Le groupe PSA a supprimé 3 800 emplois chez Opel en Allemagne et 250 chez Vauxhall Ellesmere Port, au Royaume-Uni.

Opel-Vauxhall a renoué avec la rentabilité pour la première fois depuis près de deux décennies après que PSA ait décidé de supprimer de nombreux postes et de réduire d’autres coûts.

Le constructeur automobile anglo-allemand a réalisé un bénéfice d’exploitation de 502 millions d’euros (447 millions de livres) et un chiffre d’affaires de 9,9 milliards d’euros (8,8 milliards de livres) au 30 juin.

Alors qu’il était encore la propriété de General Motors, Opel-Vauxhall avait enregistré une perte annuelle de 257 millions d’euros (2016).
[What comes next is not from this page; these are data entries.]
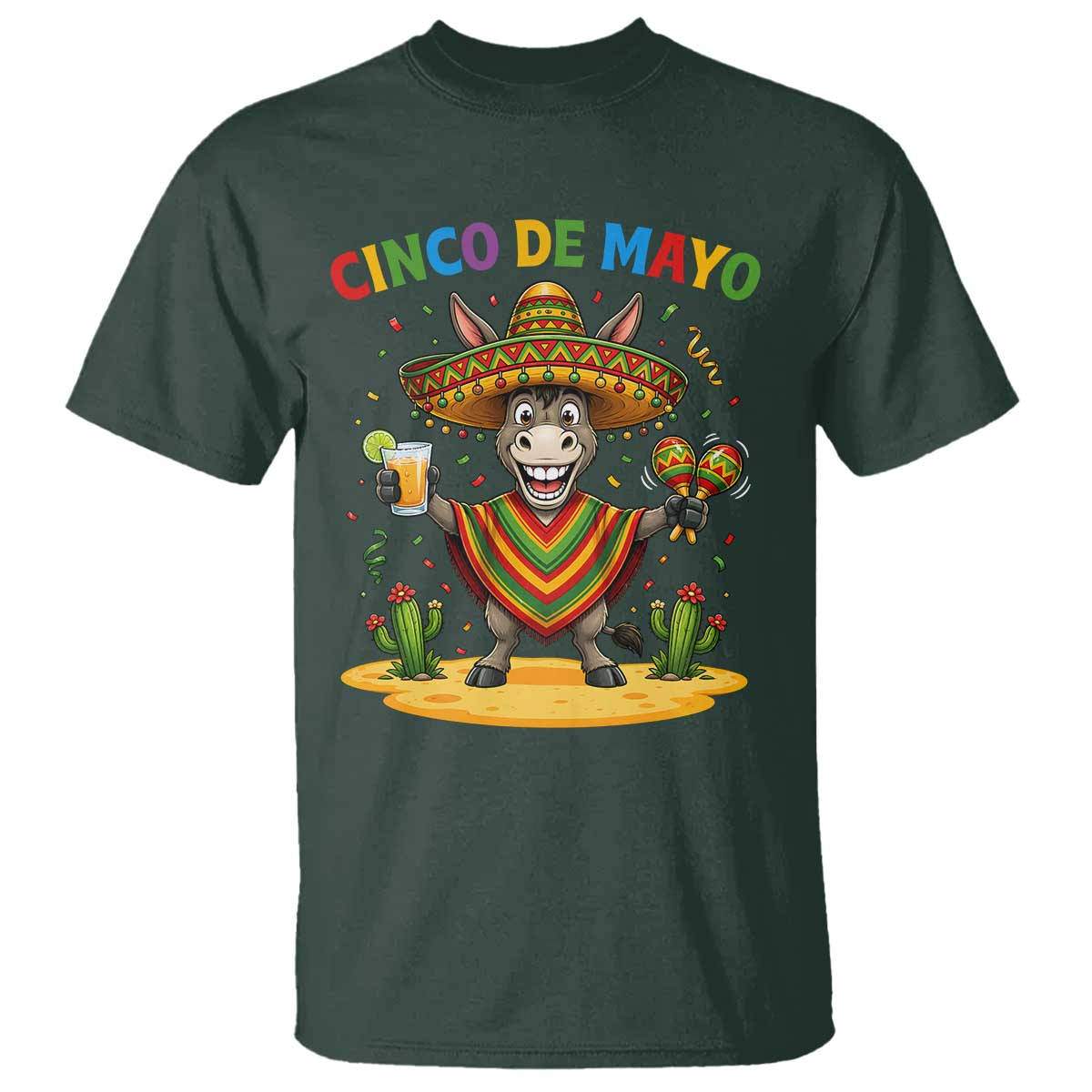 Cinco de Mayo Donkey Mexican Fiesta T Shirt TS14 Dark Forest Green Print Your Wear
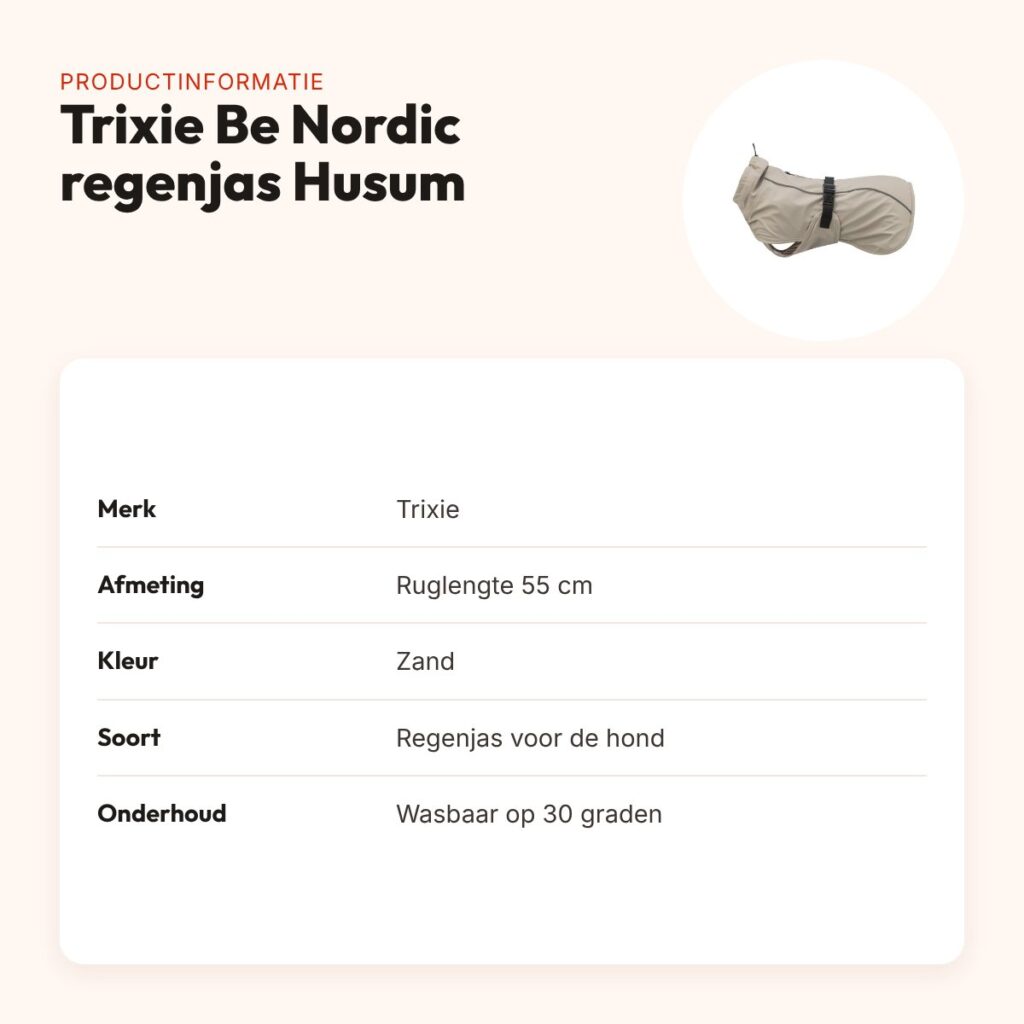Trixie Be Nordic regenjas Husum zand 55 cm – met col en buikflap – productinformatie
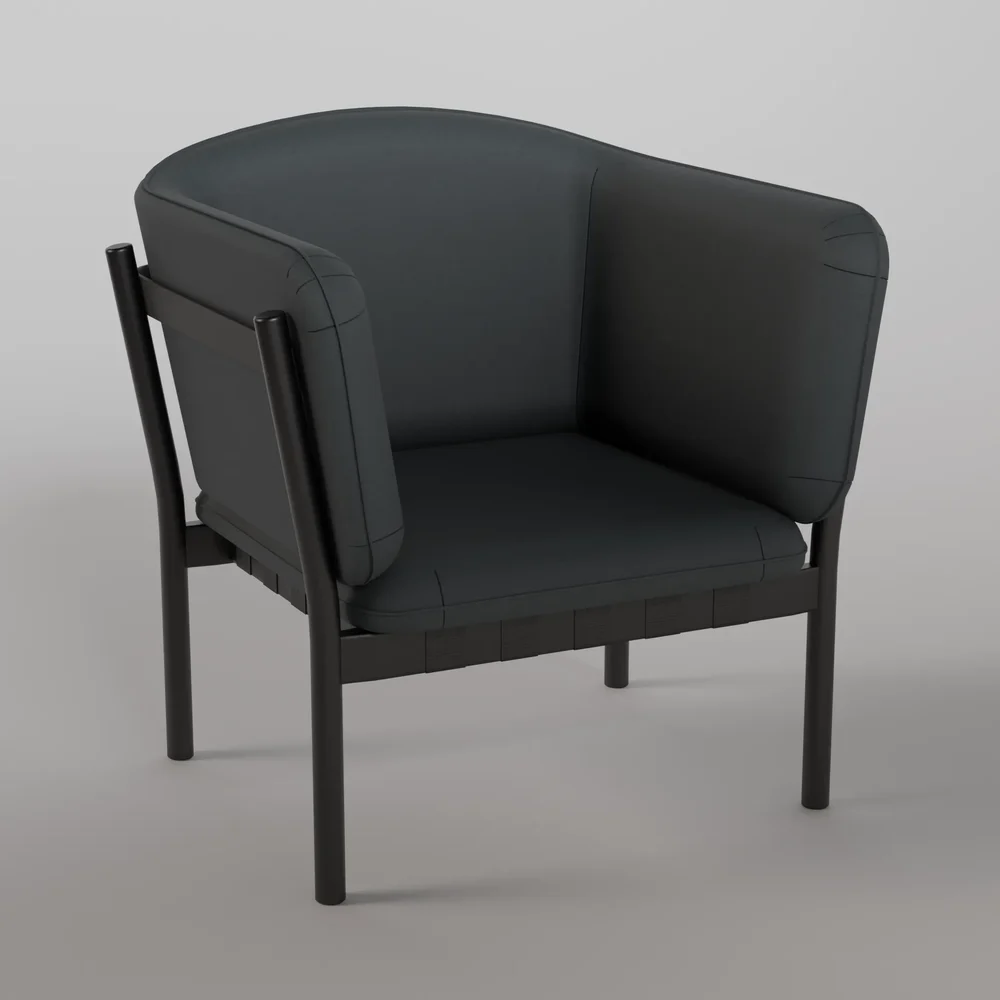 Dowel Lounge Armchair B123 - Black Grain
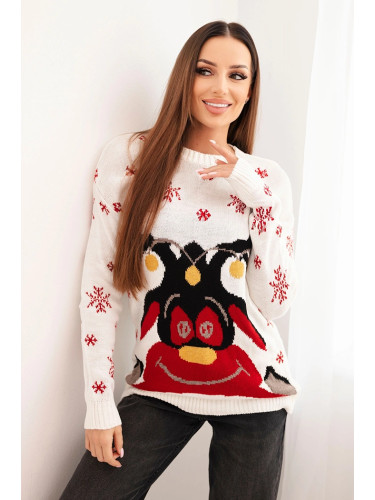 Christmas sweater with reindeer ecru
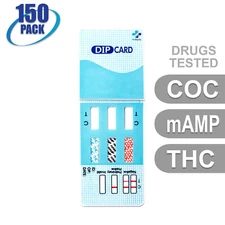 NEW Mintegrity Drug Test 3-Panel Dip Card Urine Home Kit 150-Pack #MI-WDOA-234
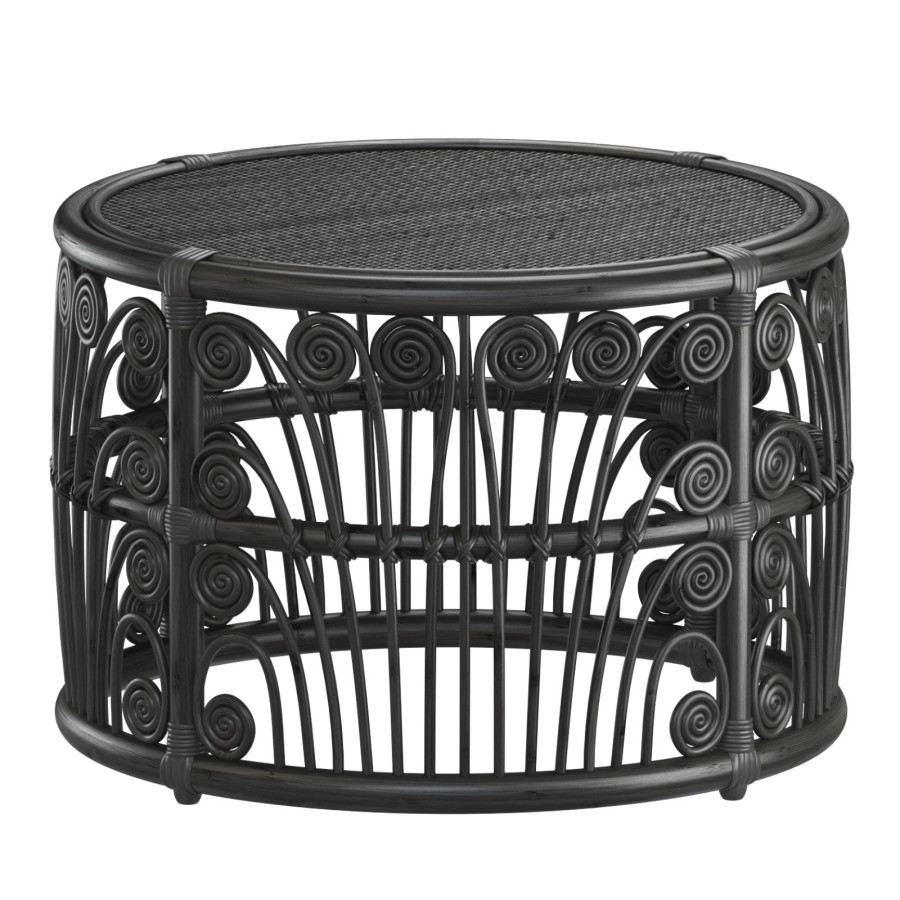 Black Bamboo Round Table With Rattan Tabletop 3D Model for VRay | CGMood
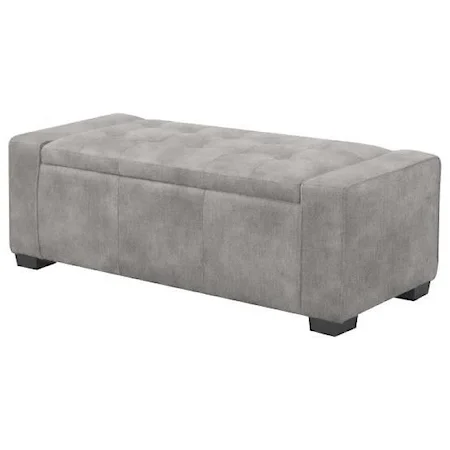 Upholstered Storage Bench with Button Tufted Seat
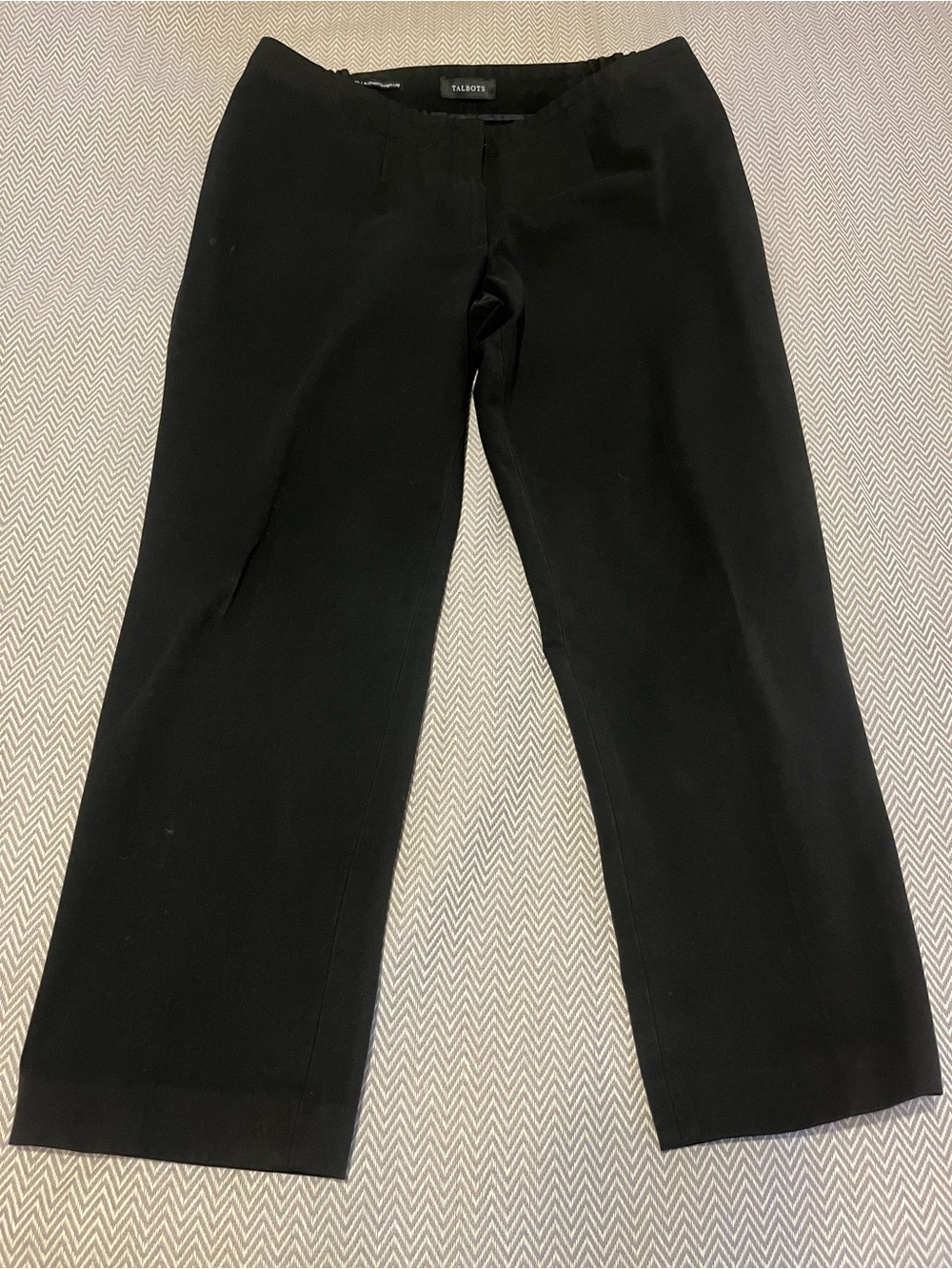 Talbots Bi-Stretch Black Straight-Leg Dress Pants. Partial elastic waist. 16W.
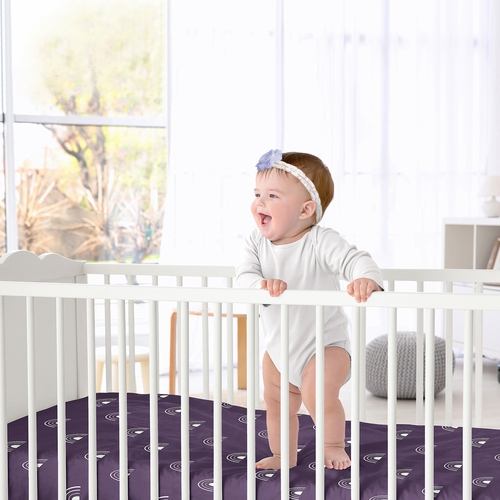 Boho Rainbow Plum Purple and White Crib Sheet - alt image 1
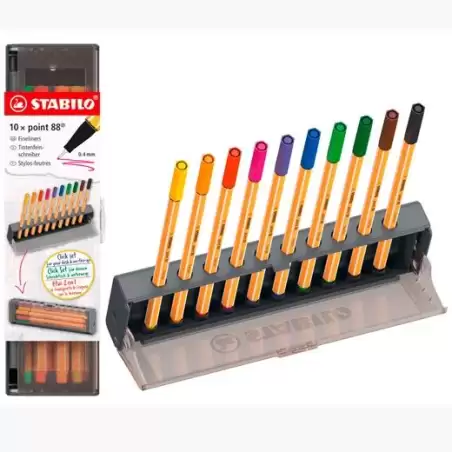 (8810-5) STABILO ROTULADORES POINT 88 C/SURTIDOS ESTUCHE 10 UD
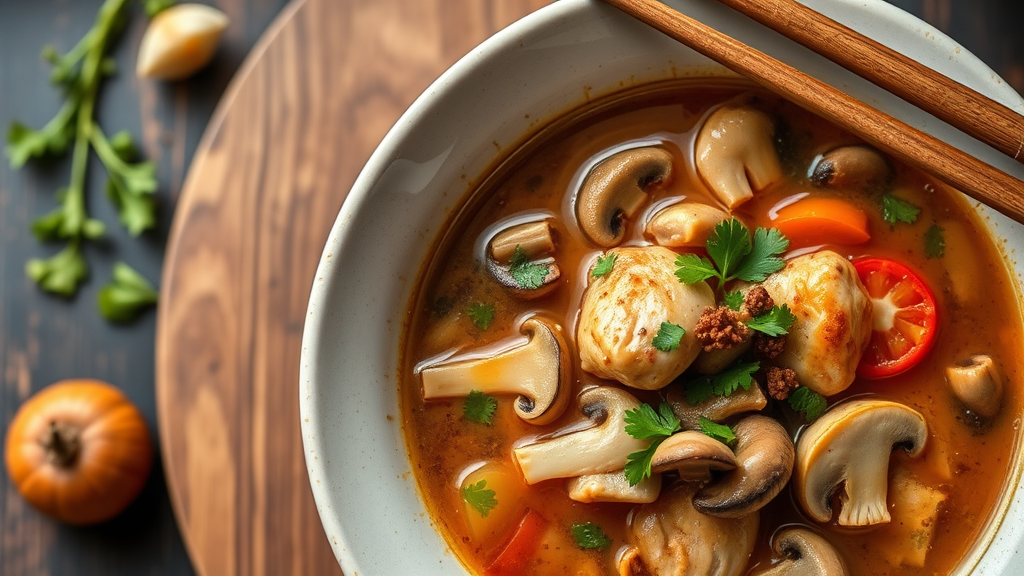 Savory Chinese Chicken and Mushroom Soup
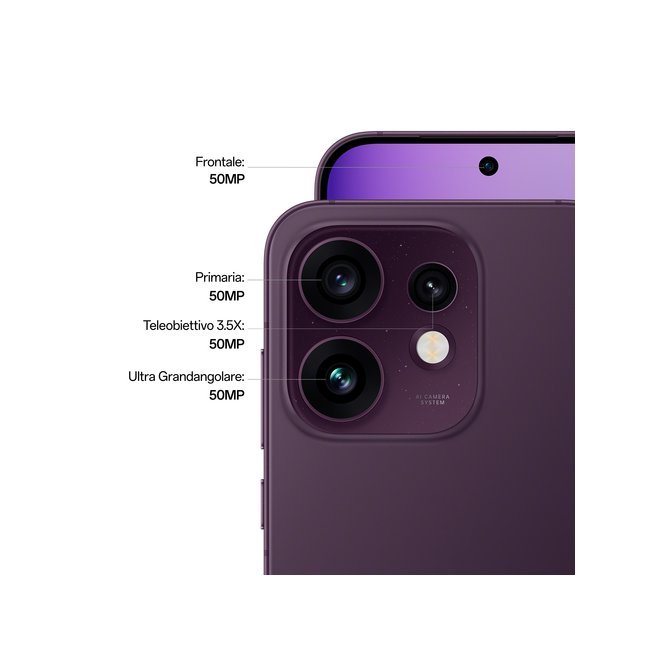 oppo reno 16 8 512gb 632 5g purple black ita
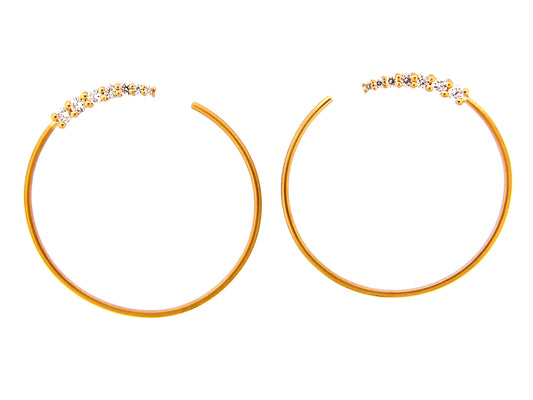 DIAMOND OPEN CIRCLE EARRING, SATIN FINISH,  14KY (N)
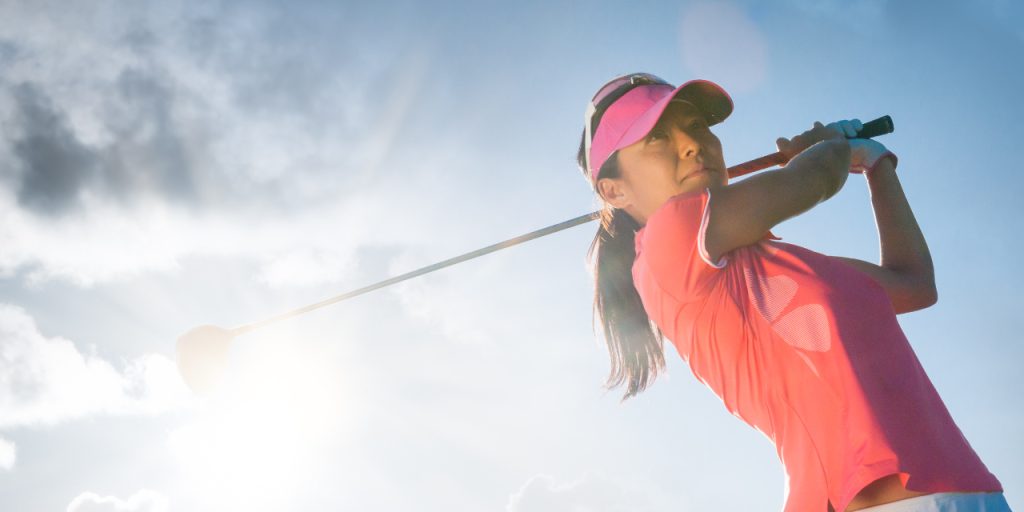 Kvinnlig deltagare under Karlstad golf festival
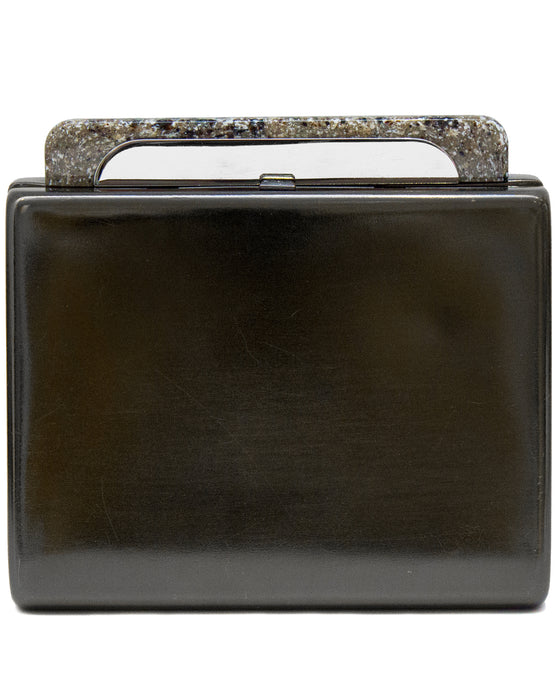 Pewter Minaudiere Clutch with Faux Granite Detailing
La dernière année de bénéfice pour Opel-Vauxhall remontait à 1999.

Durant près de deux décennies, le constructeur a dû faire face à une concurrence intense et à une surproduction dans l’industrie automobile européenne.

Le groupe PSA, qui détient Peugeot et Citroën, a racheté l’année dernière Opel-Vauxhall pour 1,9 milliard de dollars à General Motors, créant ainsi le deuxième constructeur automobile européen.

Peu de temps après le rachat, le directeur général de PSA, Carlos Tavares, a pris la décision était de supprimer 3 700 emplois dans les activités allemandes de ce constructeur au bord de la faillite en 2014.

250 autres emplois ont été supprimés au sein de l’usine d’Ellesmere Port de Vauxhall, au Royaume-Uni. Avec sa décision de construire le nouveau véhicule Vivaro, PSA a néanmoins sauvegardé 1 400 emplois dans l’usine de Luton, toujours en Grande-Bretagne.